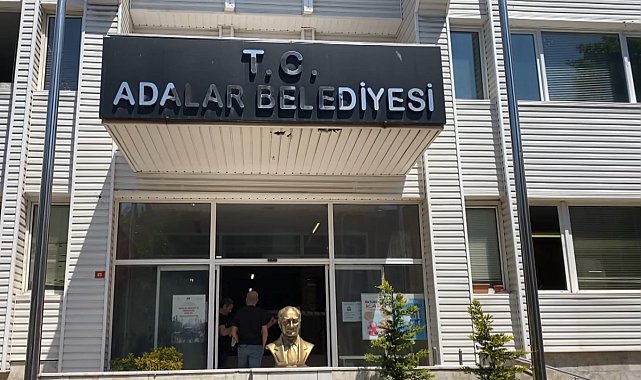 Adalar Belediyesi'ne 'rüşvet' soruşturması; Başkan Akpolat dahil 35 şüpheli tutuklandı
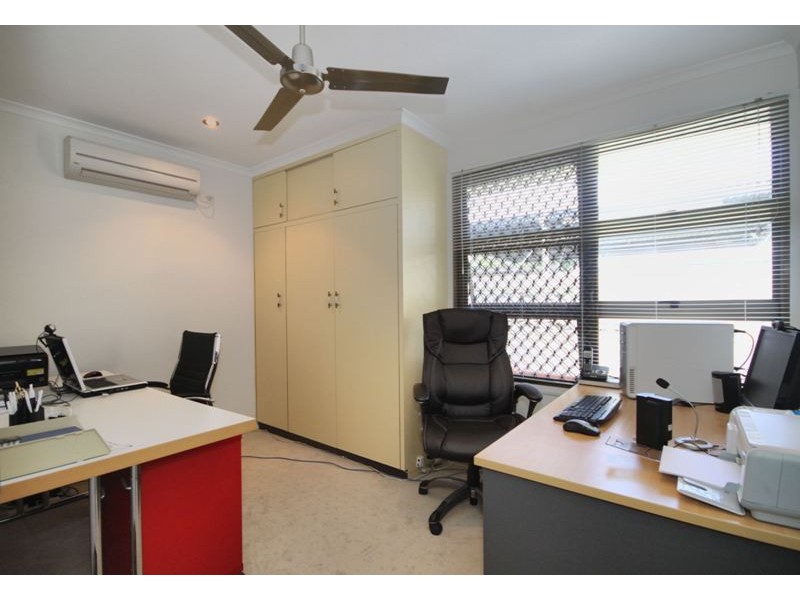 Mount Louisa QLD 4814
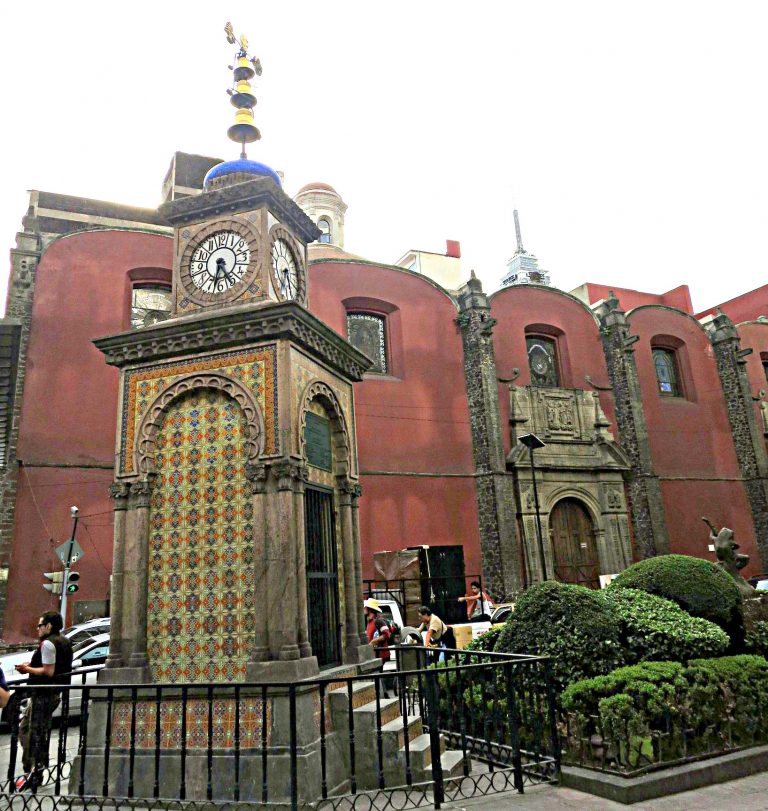 Ottoman Clock / Plaza de Colegio de Niñas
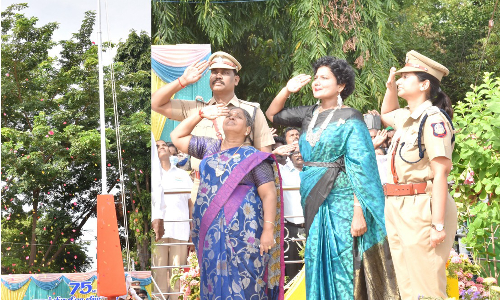 புதுக்கோட்டையில் சுதந்திர தினவிழா - கலெக்டர்  கவிதா  ராமு தேசிய கொடியை ஏற்றினார்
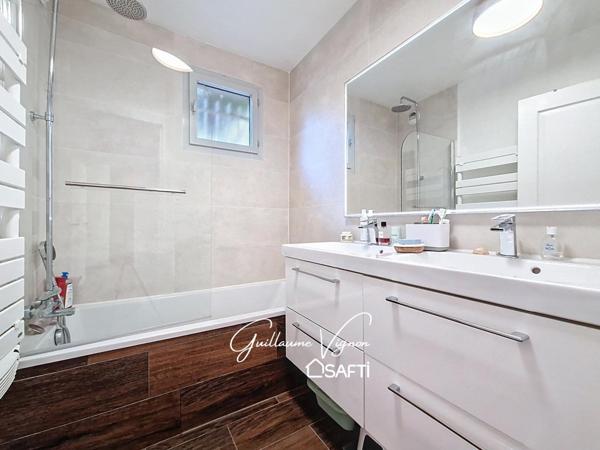 Rez-de-jardin dans résidence standing avec piscine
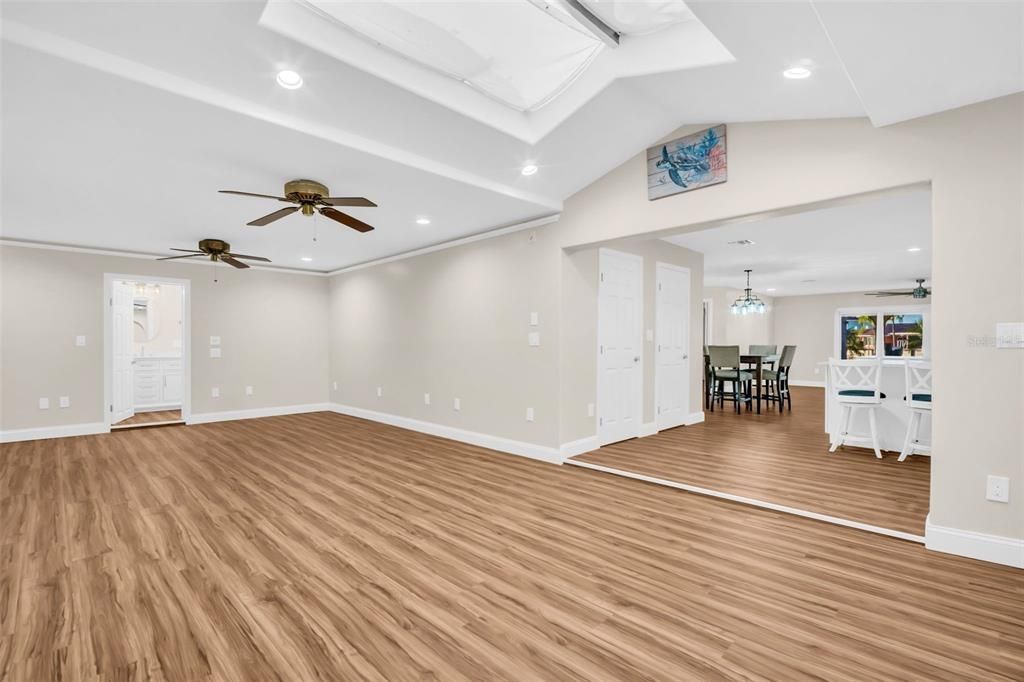 Active With Contract: $699,000 (3 beds, 2 baths, 2491 Square Feet)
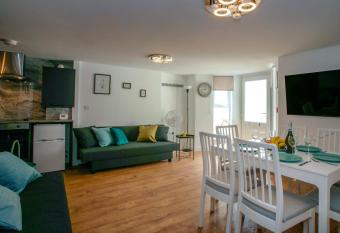 SEA La Vie allows 18 year olds to book a room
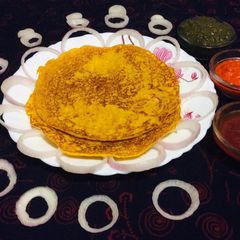 A picture of Onion tomato chilla.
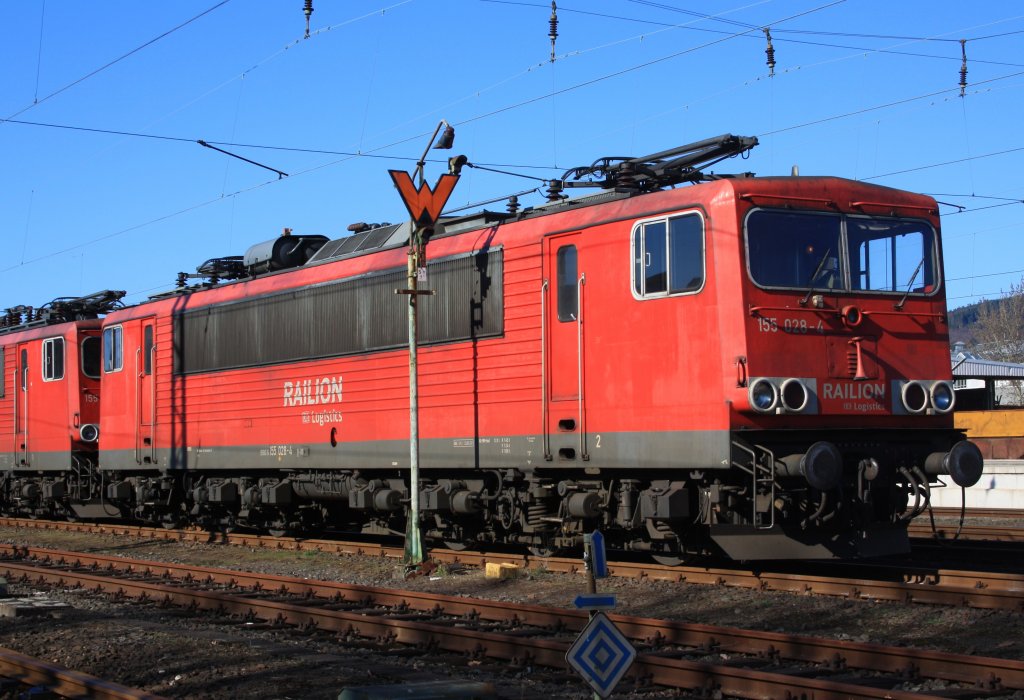 155 028-4 der RAILION Logistics abgestellt am 19.03.2011 in Kreuztal.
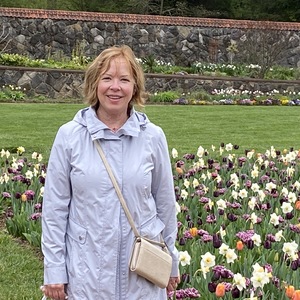 Julie Loftus's avatar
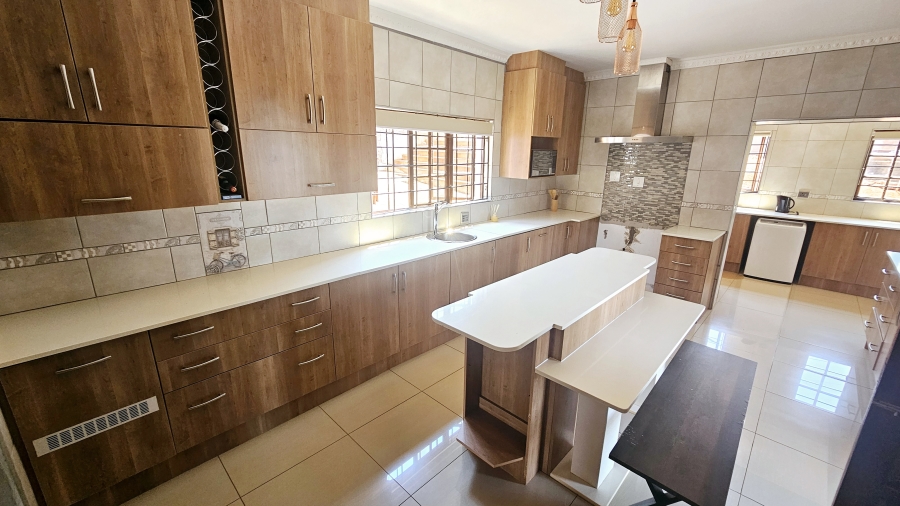 5 Bedroom Property for Sale in Louis Trichardt Limpopo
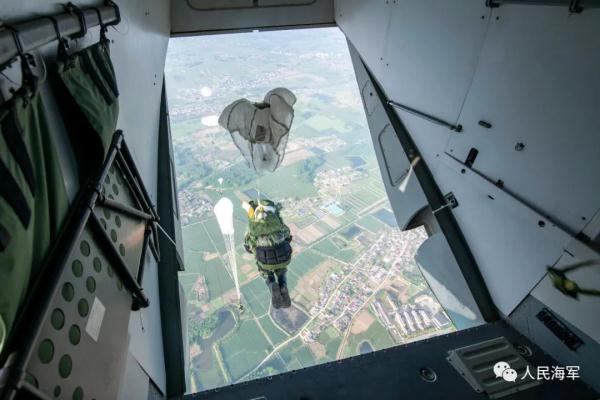 千米高空，海军陆战队女兵伞降训练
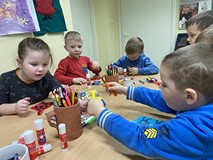 dzieci wykonują pracę plastyczną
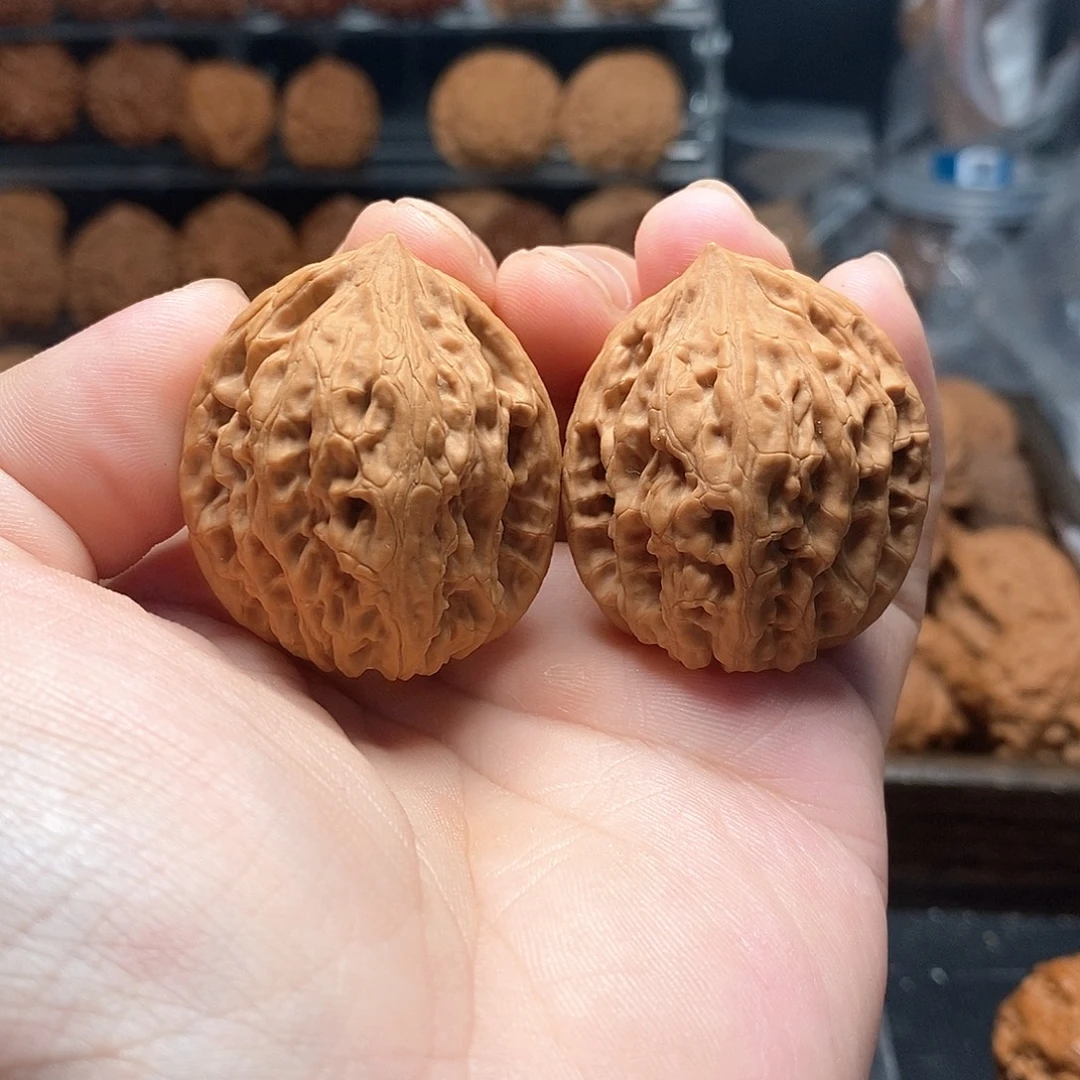 1文玩核桃油皮鸡心35-364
★ ★ ★
== What needs to be done ==
Would you please copy the material exactly, leaving all the pictures out?

== The answer ==
 Adalar Belediyesi'ne 'rüşvet' soruşturması; Başkan Akpolat dahil 35 şüpheli tutuklandı
 Mount Louisa QLD 4814
 Ottoman Clock / Plaza de Colegio de Niñas
 புதுக்கோட்டையில் சுதந்திர தினவிழா - கலெக்டர்  கவிதா  ராமு தேசிய கொடியை ஏற்றினார்
 Rez-de-jardin dans résidence standing avec piscine
 Active With Contract: $699,000 (3 beds, 2 baths, 2491 Square Feet)
 SEA La Vie allows 18 year olds to book a room
 A picture of Onion tomato chilla.
 155 028-4 der RAILION Logistics abgestellt am 19.03.2011 in Kreuztal.
 Julie Loftus's avatar
 5 Bedroom Property for Sale in Louis Trichardt Limpopo
 千米高空，海军陆战队女兵伞降训练
 dzieci wykonują pracę plastyczną
 1文玩核桃油皮鸡心35-364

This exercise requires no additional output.